▶ About this exercise
Look below for the line that has "Locatie op kaart"; output exactly from it through the line that has "Alya Womens Sz", and leave the pictures out.

▶ Records to use
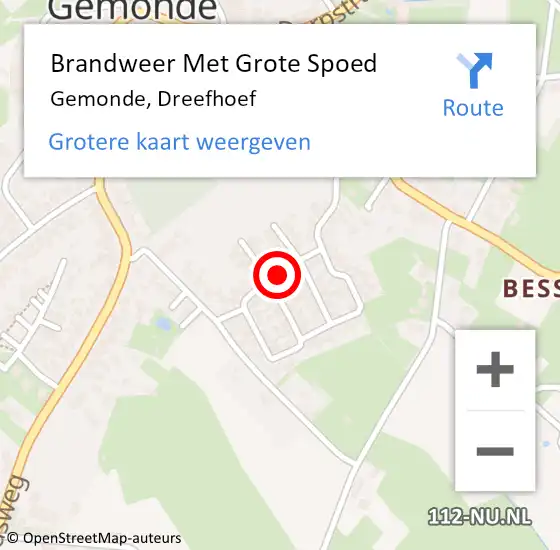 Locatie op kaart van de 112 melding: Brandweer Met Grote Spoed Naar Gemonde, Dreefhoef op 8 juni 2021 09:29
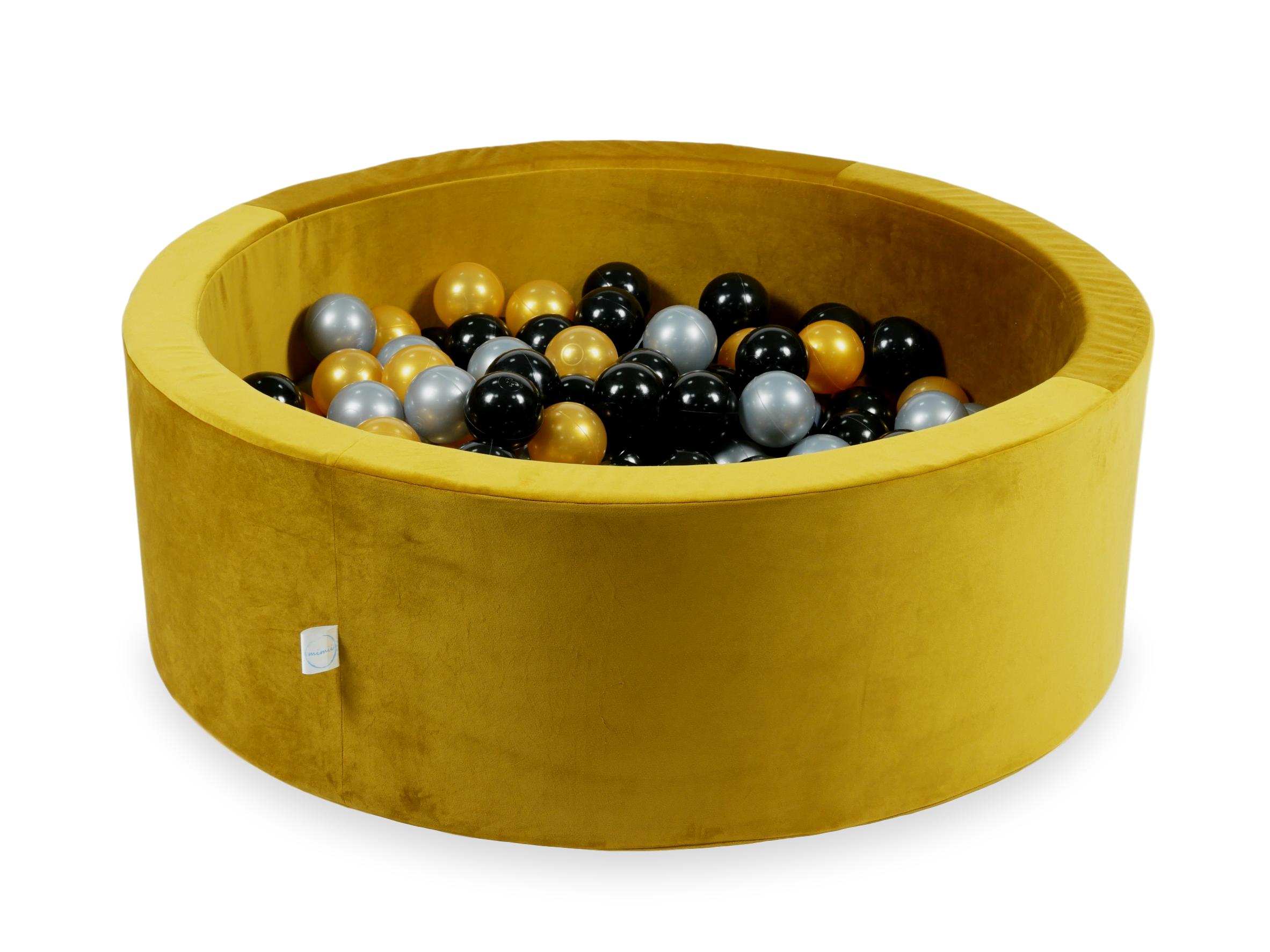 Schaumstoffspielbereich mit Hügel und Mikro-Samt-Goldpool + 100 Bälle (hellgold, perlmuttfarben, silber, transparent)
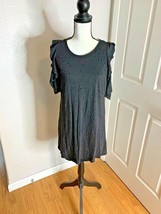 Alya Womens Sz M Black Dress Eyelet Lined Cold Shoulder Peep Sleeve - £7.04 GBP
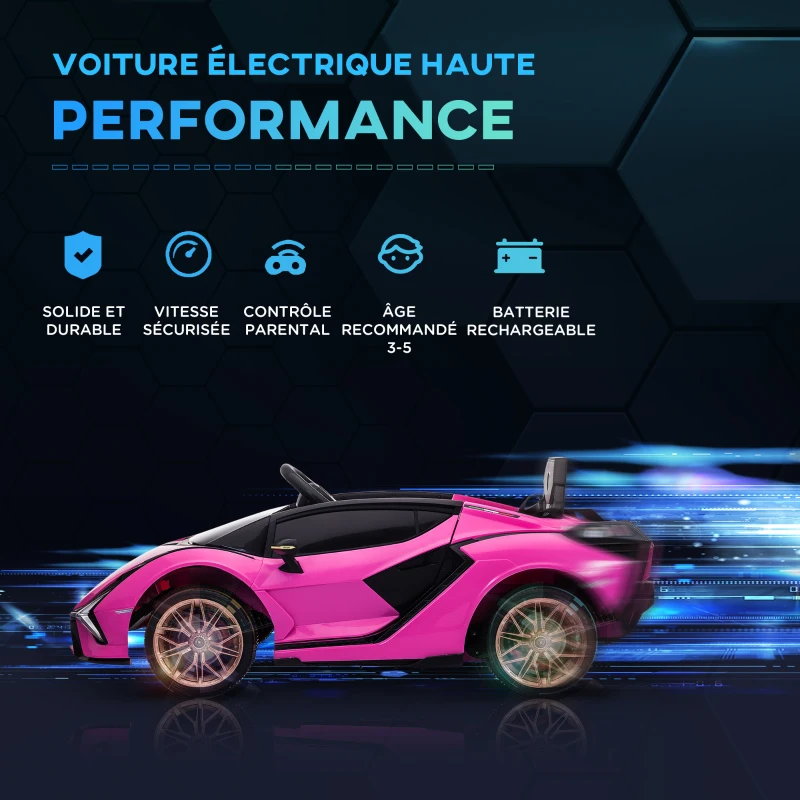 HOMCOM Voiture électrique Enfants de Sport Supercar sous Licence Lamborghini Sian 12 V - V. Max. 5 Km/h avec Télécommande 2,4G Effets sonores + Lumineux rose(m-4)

* * *

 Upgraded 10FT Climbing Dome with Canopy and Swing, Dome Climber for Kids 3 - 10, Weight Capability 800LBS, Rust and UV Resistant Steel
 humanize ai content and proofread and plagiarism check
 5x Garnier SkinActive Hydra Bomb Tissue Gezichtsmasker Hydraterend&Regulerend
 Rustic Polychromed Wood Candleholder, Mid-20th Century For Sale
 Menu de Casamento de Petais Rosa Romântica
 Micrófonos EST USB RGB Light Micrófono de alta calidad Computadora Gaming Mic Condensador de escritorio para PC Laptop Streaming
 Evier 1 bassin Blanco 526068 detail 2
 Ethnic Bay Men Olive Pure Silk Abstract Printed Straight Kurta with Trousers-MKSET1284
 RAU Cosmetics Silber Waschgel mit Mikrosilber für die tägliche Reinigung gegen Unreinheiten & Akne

▶ Exercise result
 Locatie op kaart van de 112 melding: Brandweer Met Grote Spoed Naar Gemonde, Dreefhoef op 8 juni 2021 09:29
 Schaumstoffspielbereich mit Hügel und Mikro-Samt-Goldpool + 100 Bälle (hellgold, perlmuttfarben, silber, transparent)
 Alya Womens Sz M Black Dress Eyelet Lined Cold Shoulder Peep Sleeve - £7.04 GBP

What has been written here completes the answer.